Les producteurs, protégés par le label Fairtrade/Max Havelaar, vendent les caisses de fruits à un prix fixé par le gouvernement, et perçoivent par caisse 1$ supplémentaire : cette « prime de développement » sert à financer des projets d’amélioration de la vie des travailleurs. Sont cités la construction d’un collecteur d’eau de pluie, la création d’une boutique aux prix inférieurs aux magasins locaux, ou enfin le financement d’études en parallèle du travail dans la plantation.
Progrès récents en France
N’oublions pas que le point de départ de l’étude d’Oxfam est le marché allemand. En France, Lidl mis à part, la situation est probablement différente, et une autre étude serait nécessaire pour tirer un parallèle. En termes de législation, un progrès très récent est à noter (qui n’est peut-être pas étranger à la réaction tardive de Lidl France) : le 27 mars dernier a été promulguée la loi relative au devoir de vigilance des sociétés mères et des entreprises donneuses d’ordre.

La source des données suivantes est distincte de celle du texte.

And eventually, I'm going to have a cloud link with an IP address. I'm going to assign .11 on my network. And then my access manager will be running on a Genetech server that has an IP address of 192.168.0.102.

Derrière ce titre à rallonge se cache une loi obligeant les entreprises de plus de 5 000 salariés (seulement 150 structures concernées en France, mais c’est un début) à un « devoir de vigilance » quant aux atteintes aux droits humains provoquées par leurs activités (mais aussi celles de leurs sous-traitants et fournisseurs). Salué par Amnesty International, ce texte offre aux victimes de ces atteintes un cadre pour porter plainte, et demande à chaque entreprise de publier annuellement un rapport pour « évaluer et prévenir les impacts négatifs qu’ont leurs activités sur l’environnement et les droits humains ».

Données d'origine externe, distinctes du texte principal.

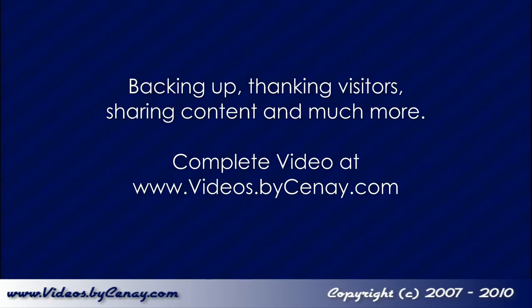This excerpt was provided as a courtesy to my YouTube subscribers. To see the rest of the video, please visit its home page by clicking the link in the description.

Cette réforme, jugée « historique » par certains, fera, espérons-le, école dans le reste de l’Europe et notamment en Allemagne, obligeant Lidl, Edeka ou encore Aldi à prendre leurs responsabilités. On regrettera cependant la faiblesse du texte définitif : suite à une saisie du Conseil constitutionnel, la menace d’une amende (jusqu’à 30 millions d’euros) a été retirée ; de plus, le texte manque de propositions concrètes et pédagogiques pour inciter les entreprises à balayer devant leur porte : « la proposition de loi est ainsi susceptible de créer une certaine insécurité juridique pour les entreprises au lieu d’énoncer des directives claires (…) pour respecter les droits humains dans leurs activités », regrette l’avocat Stéphane Brabant dans une tribune du Monde.